What the exercise asks —
From the data underneath, reproduce exactly the stretch that begins at the line with "Barra Mansa Homem" and ends after the line with "Photo - 170".

Recorded information —
= = = = =

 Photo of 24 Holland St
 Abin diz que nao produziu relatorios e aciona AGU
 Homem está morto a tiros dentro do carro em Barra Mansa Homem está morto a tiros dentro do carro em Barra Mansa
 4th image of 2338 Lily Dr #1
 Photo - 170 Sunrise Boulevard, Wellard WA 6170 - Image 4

= = = = =

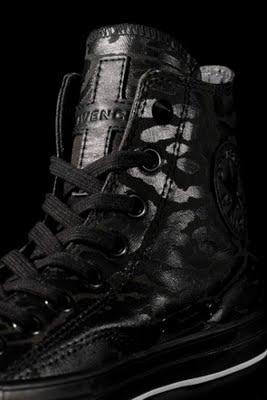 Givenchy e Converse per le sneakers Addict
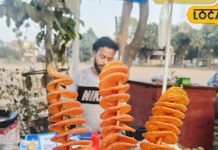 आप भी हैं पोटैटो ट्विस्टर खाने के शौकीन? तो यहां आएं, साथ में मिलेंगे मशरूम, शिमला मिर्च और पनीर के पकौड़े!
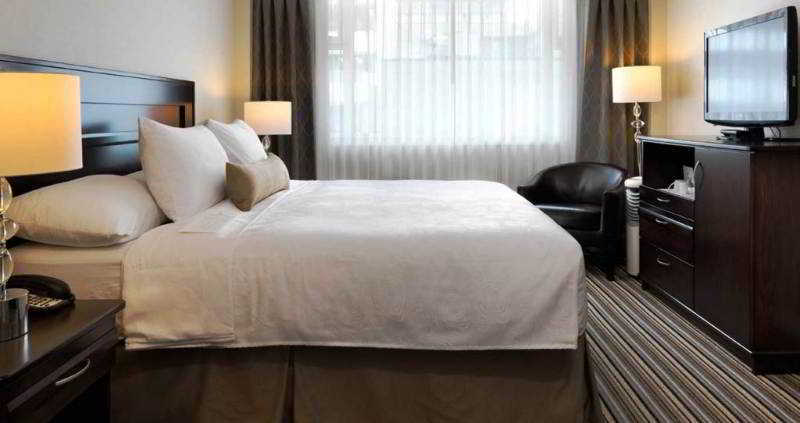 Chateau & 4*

= = = = =

Exercise solution —
 Homem está morto a tiros dentro do carro em Barra Mansa Homem está morto a tiros dentro do carro em Barra Mansa
 4th image of 2338 Lily Dr #1
 Photo - 170 Sunrise Boulevard, Wellard WA 6170 - Image 4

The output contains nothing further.